SA: It’s truly a pleasure to be invited back, Mihir – thank you so much!

What made you decide to come back to world of Artamon after a decade?
SA: In truth, I’ve never been away. (Although I enjoyed myself very much writing Tide Dragons, the two-volume fantasy series set in Heian Japan which I brought out in 2014 and 2018.) But I was also writing about how Kaspar Linnaius first became a magus in Drakomancer (a novel I’d still like to bring out if I get the chance) and that led me to return to Gavril and Kiukiu.

You have had some wonderful cover art with the Artamon books (US, French & UK covers)? Please tell us about your artist Les Edwards/Edward Miller and why you decided to go with him?
SA: Les Edwards/Edward Miller and I go way back as Les was the cover artist for The Lost Child (Orion/Gollancz 1998) and created a very atmospheric cover image that was just right for a story set in an alternate medieval French kingdom.
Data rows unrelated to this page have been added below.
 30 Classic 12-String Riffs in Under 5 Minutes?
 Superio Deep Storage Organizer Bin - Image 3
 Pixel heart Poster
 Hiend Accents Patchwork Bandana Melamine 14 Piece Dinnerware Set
I then fell in love with Edward’s work when I saw his art for the Subterranean Press editions of Scott Lynch (those luminous colours!). So he was my Number One artist to go to – and I was really thrilled when he accepted the commission. Les/Edward has created a remarkable range of inspiring art for Horror, Science Fiction and Fantasy and his site is well worth a visit.

Let’s talk about that gorgeous vista cover. How did it all come together? What were your instructions/suggestions for it? How did you and the artist collaborate to create the fascinating cover?
SA: I was so pleased when I saw the cover art that I confess I shed a few tears (of happiness!); it was just what I was hoping for. Here’s the brief that I sent to the artist (as well as the synopsis and first chapters):
"Much of the book is set in wintertime in Azhkendir, ‘the land of snow and shadows’ in Gavril Nagarian’s kastel which is set between the forest of Kerjhenez and the mountains."
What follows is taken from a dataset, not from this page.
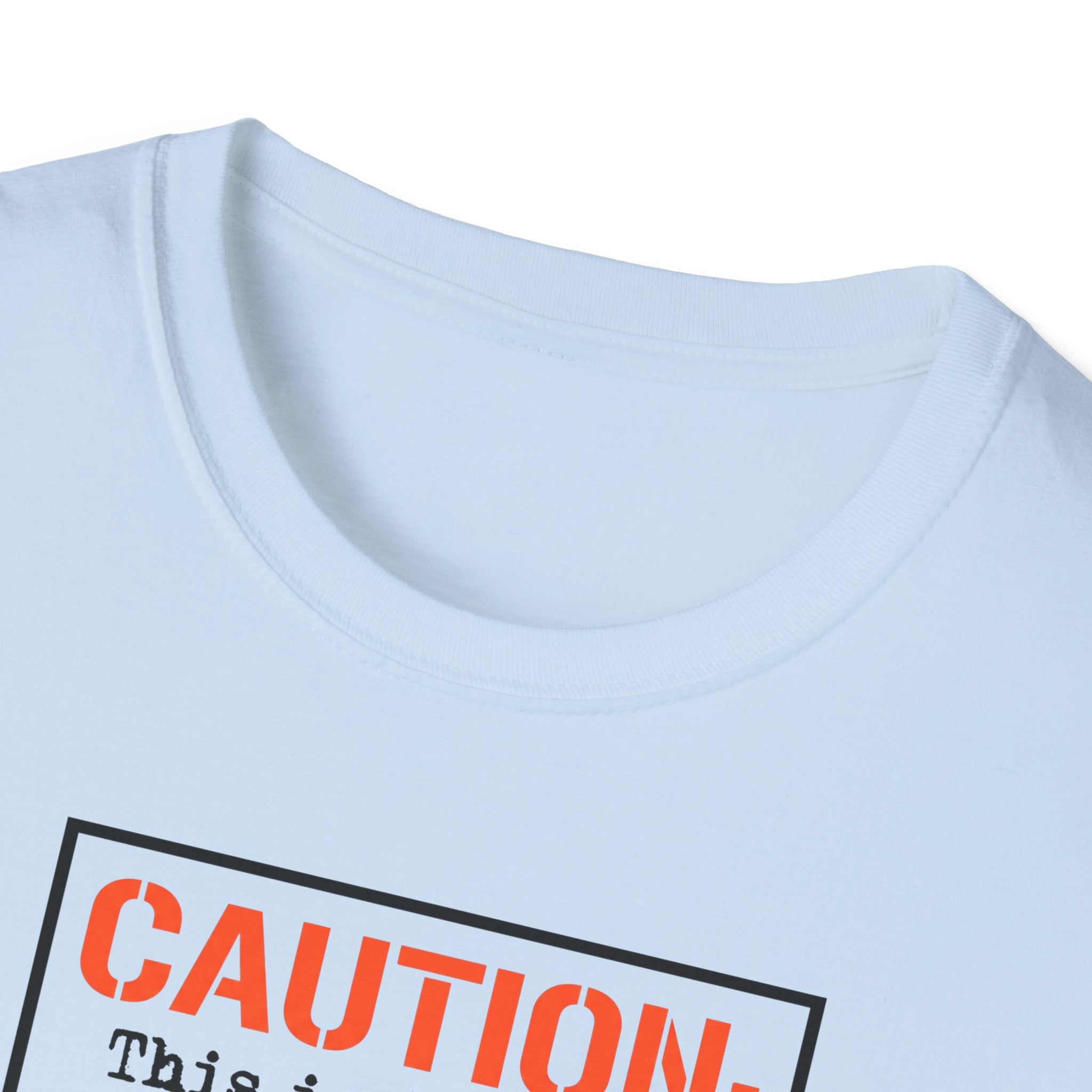 Caution: Will Lecture on Benefits of Gold‑Plated Connectors — Graphic T‑Shirt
My French editor, Stephane Marsan (Bragelonne) once said to me that he preferred covers with landscapes. (Something that Les Edwards and Edward Miller are very good at doing!) One of your paintings on the website that I keep returning to is the wonderfully vertiginous ‘The Gorge’, which I love. The other artwork I keep returning to is ‘Footprints in the Snow’ because of the snowscape which feels ‘right’ for a snow scene.’
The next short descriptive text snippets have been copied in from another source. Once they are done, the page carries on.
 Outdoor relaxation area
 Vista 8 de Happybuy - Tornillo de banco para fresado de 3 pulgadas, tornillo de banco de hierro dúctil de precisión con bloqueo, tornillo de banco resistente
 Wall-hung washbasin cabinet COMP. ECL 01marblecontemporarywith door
The Arkhel Conundrum by Sarah Ash

Let’s talk about The Arkhel Conundrum’s chronological place in the Artamon saga, how far along is the book set after the events of Children Of The Serpent Gate & Flight Into Darkness?
SA: Even though I was tempted to do a Twenty Years After (or Artamon TNG) and even began to outline what would happen to the grown-up children of the main protagonists, I knew instinctively (and from readers’ requests) that I just had to explore what happened immediately after Children of the Serpent Gate. So it starts roughly nine months after the fall of the Serpent Gate. I wanted to find out how Gavril would fare without his daemon Drakhaoul, Khezef. Has he returned unscathed from the Serpent Gate after Khezef’s final departure – or is he damaged in some way? And then there’s the matter of the promise made by Kiukiu to the Guardian of the Jade Springs in return for the restoration of her youth. Embarking on married life with so many secrets that can’t be mutually shared is probably not the best start for the young couple. Is their love for each other strong enough to survive?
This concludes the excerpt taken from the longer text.